In my MHJ Revised Version of the bible I’d obviously want to include the you have been called to live in freedom piece. And since my version would redact what’s difficult or boring or non-sense-making I’d edit out the second clause about not freedom to satisfy your sinful nature, but freedom to serve one another in love.
I want to be free. Freedom is my natural preference. Serving someone else isn’t.
So today was a vexing little reminder about how I process my reading.
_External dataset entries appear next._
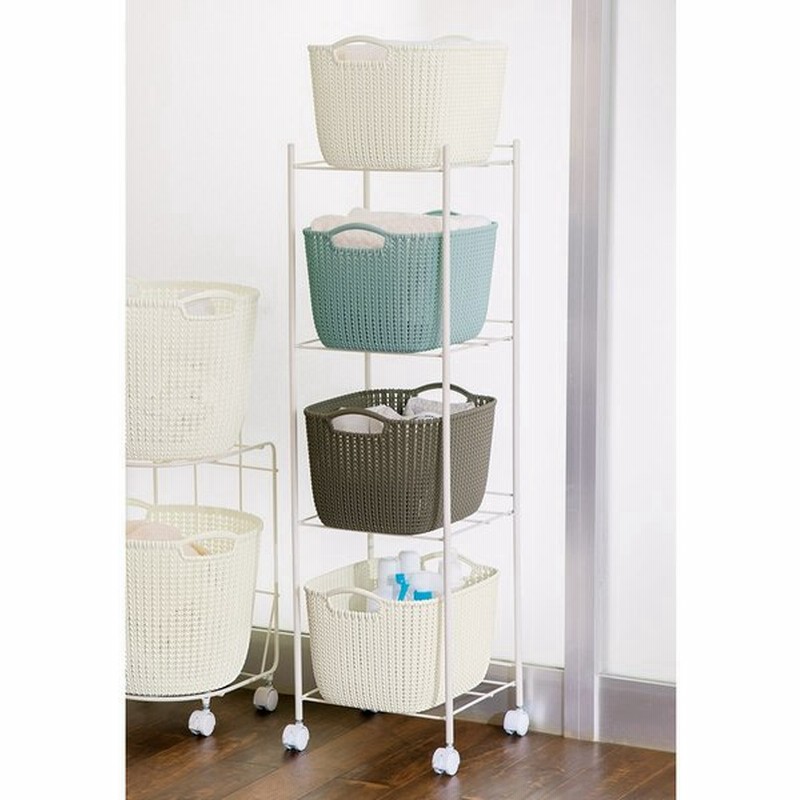 家具 収納 トイレ収納 洗面所収納 3段 カーバー ニット調ランドリーバスケット ランドリーワゴン バスケットセット スクエア用ワゴン 通販 Lineポイント最大0 5 Get Lineショッピング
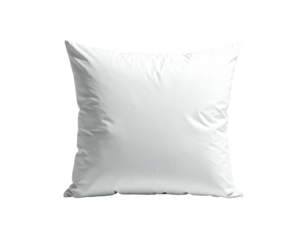 A fluffy, square white pillow isolated against a dark, stark black background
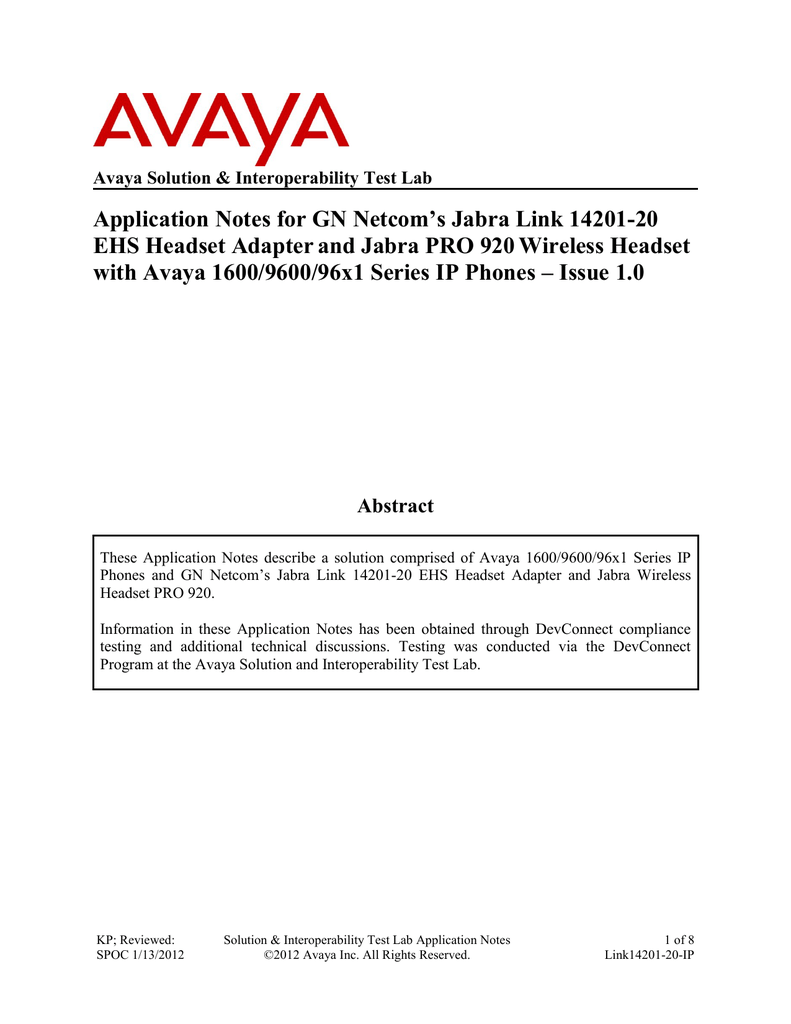 Jabra Electronic hook switch solution Adapter for Avaya phones wireless 14201-35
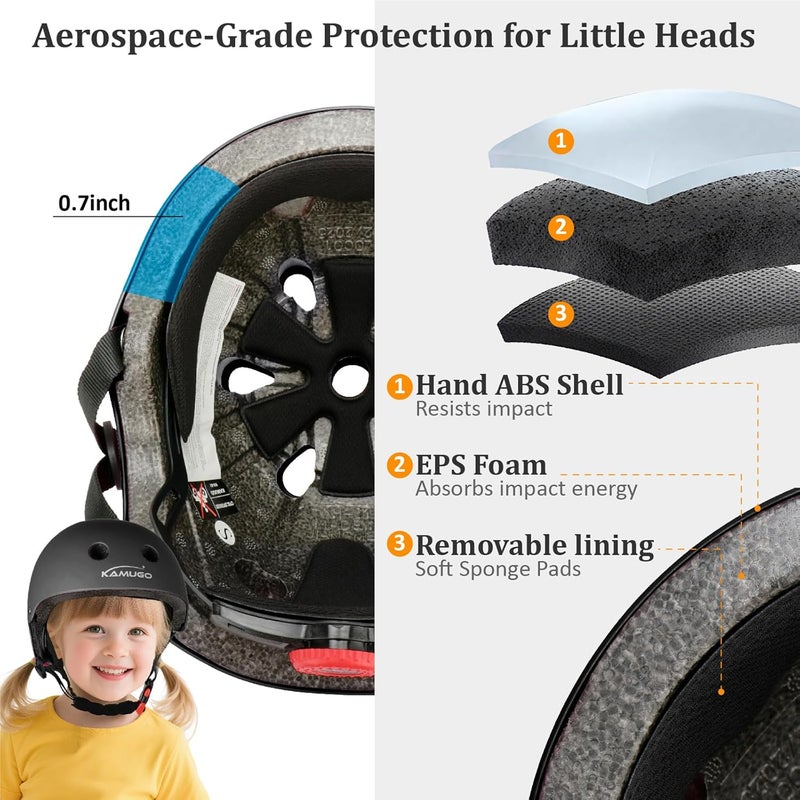 KAMUGO Kids Adjustable Helmet, Suitable for Toddler Kids Ages 2-14 Boys Girls, Multi-Sport Safety Cycling Skating Scooter Helmet - Image 2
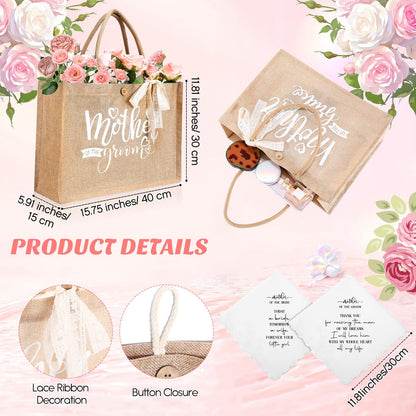 Hushee 2 Sets Mother of The Bride and Mother of The Groom Gifts Set Includes 20 oz Tumblers Canvas Tote Bags Cosmetic Bag Handkerchief Candle for Mom Bridal Shower Wedding Gifts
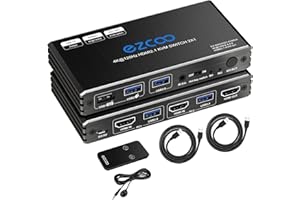 ROFAVEZCO 8K 60Hz 4K 120Hz HDMI 2.1 KVM Switch USB 3.0 2 Ports with Hotkey 48Gbps Share 2 Computers with one Keyboard Mous HDR D-olby Vision HDCP2.2 Remote Control USB3.0 Cable Included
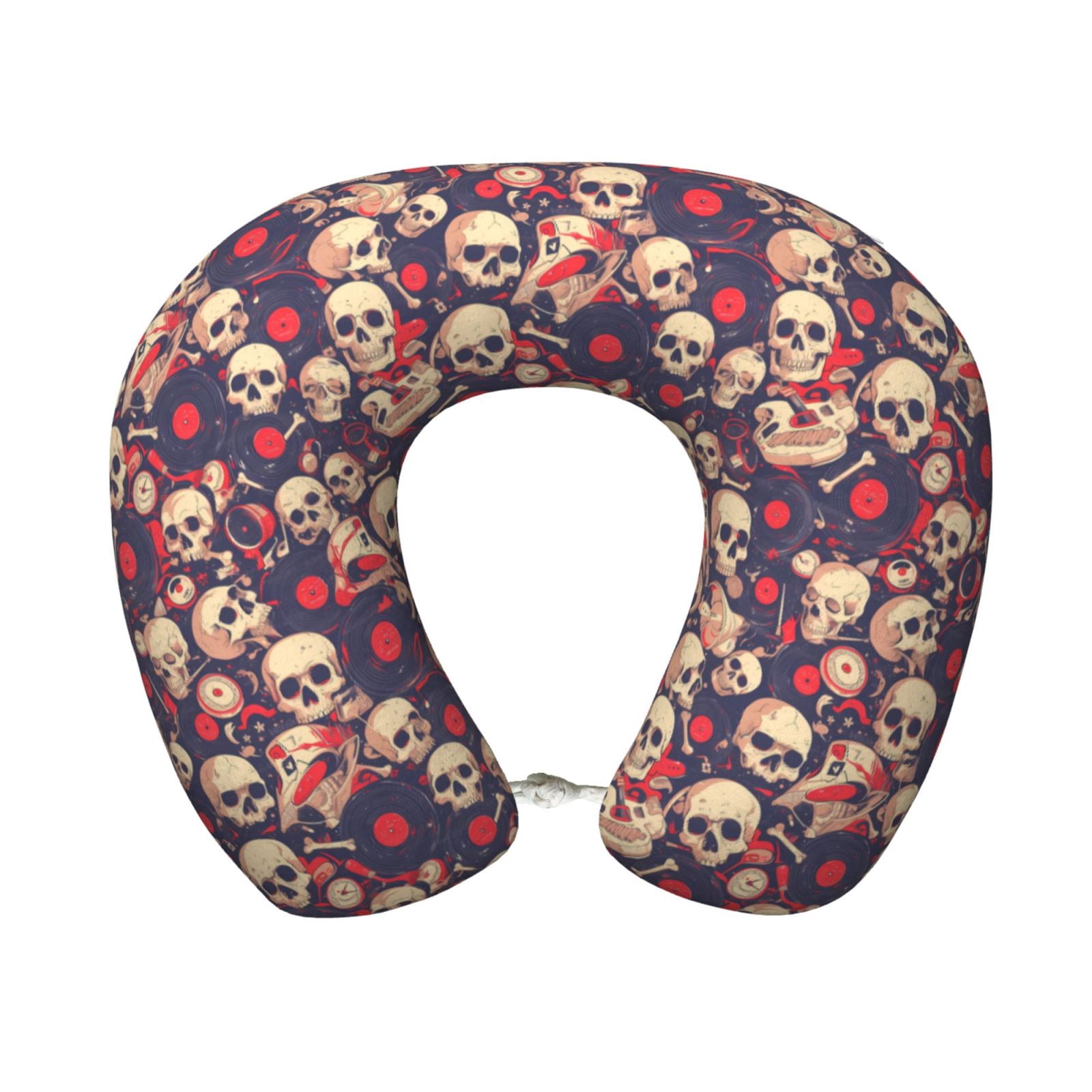 Xecao Skull rock music record Print Memory Foam Cervical Neck Pillow Versatile U-Shaped Pillows for Home,Office,Camping,Travelling,Soft Washable Cover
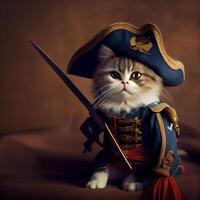 cat dressed up as a pirate with a sword. . photo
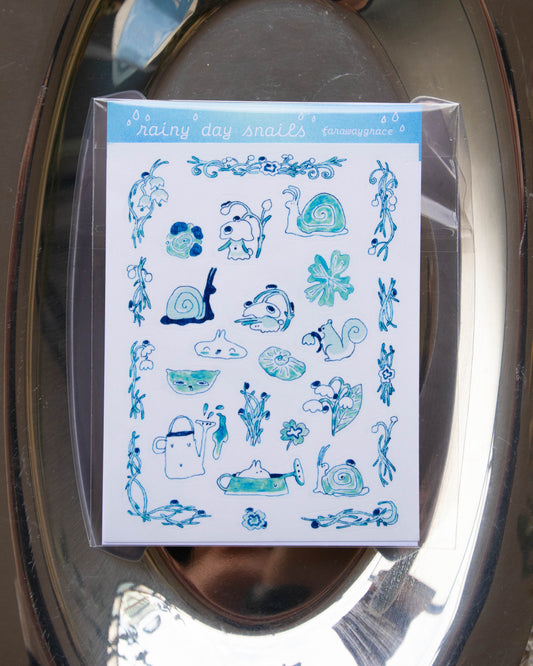 Sticker Sheet - Rainy Day Snails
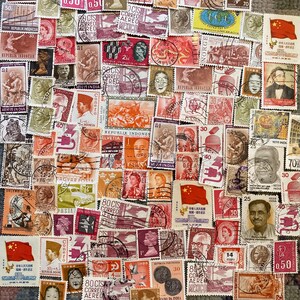 Vintage and antique international 50-piece stamp lots sorted by color: Blue, green, purple, and a mixture of red, yellow, orange, and brown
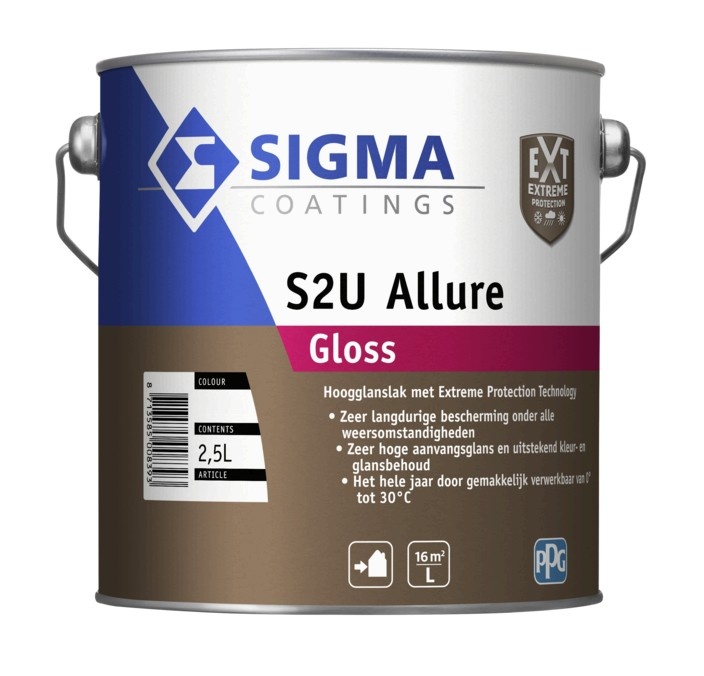 S2U Allure Gloss | Hoogglans Lakverf Buiten | 2,5 LTR | Kleur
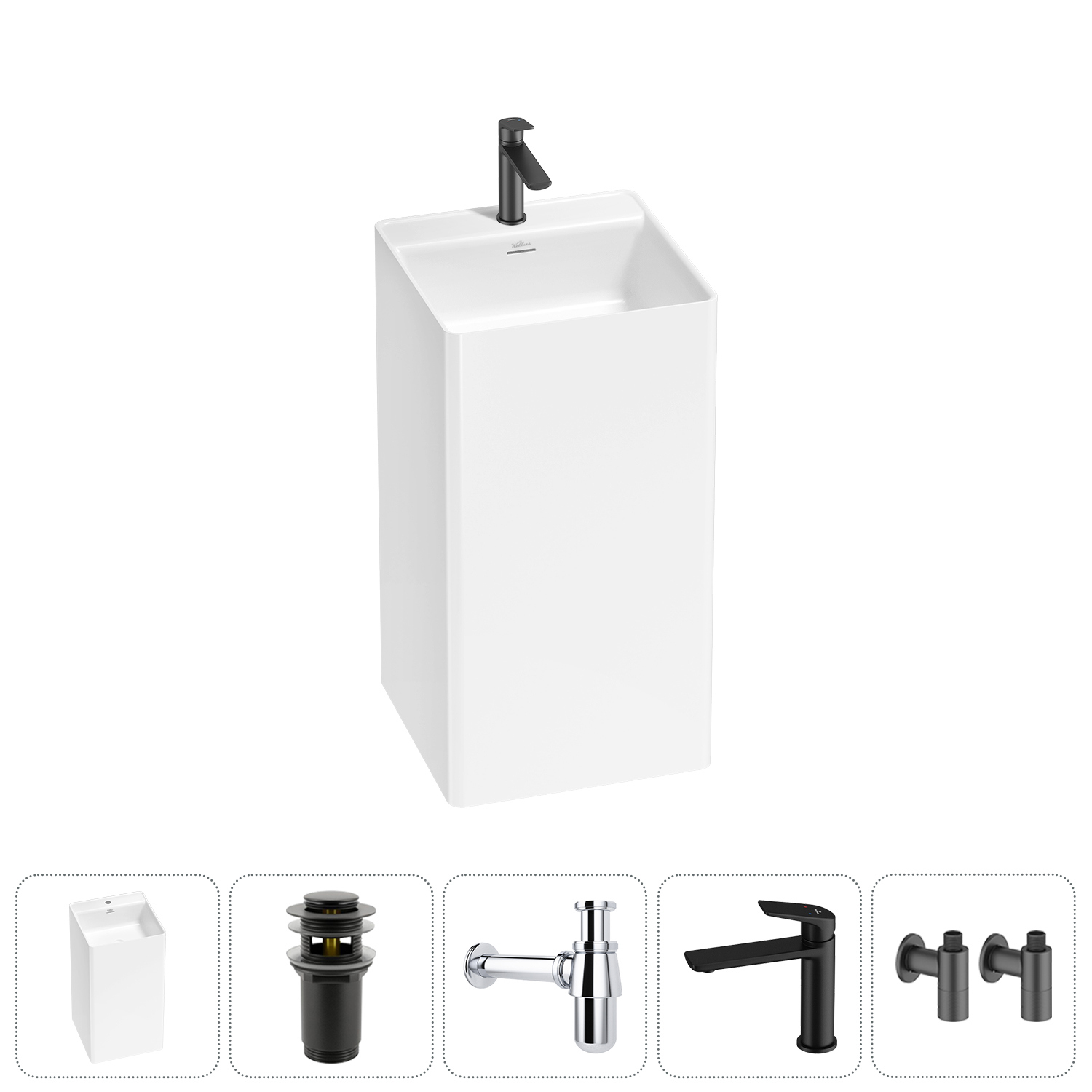 Изображение товара Раковина Wellsee pure 45см матовый черный комплект с сифоном и смесителем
Note: quote from Galatians 5:13 (NLT)

two consequences

Week 46  2 Corinthians

One of the marquee paragraphs in the Corinthian letters says: though outwardly we are wasting away, yet inwardly we are being renewed day by day. For our light and momentary troubles are achieving for us an eternal glory that far outweighs them all. So we fix our eyes not on what is seen, but on what is unseen. For what is seen is temporary, but what is unseen is eternal.
Paul picks up on this idea near the end of the letter when he’s talking about what he called his thorn-in-the-flesh. The ‘thorn’ was a disability he had and it was one he never got rid of. A long time ago a guy told me he figured Paul’s thorn-in-the-flesh was a problem with his eyesight…and as guesses go I guess that’s as good a guess as the next one. Maybe. Paul said the reason he got his thorn-in-the-flesh was: to keep me from becoming conceited because of (the) surpassingly great revelations he’d received.
Anyway Paul’s permanent disability was a problem. But not unilaterally or exclusively problematic since the Lord utilized it as a problem-resolver. The problem that tormented Paul also functioned as a conceit-prevention mechanism. The problem served double-duty. Had two consequences.
So if Paul filled-out this Pain Questionnaire I think his answers would be:
Q: Is Non-Pain preferable to Pain? A: Yes.
Q: Is Pain preferable to Pride? A: Yes.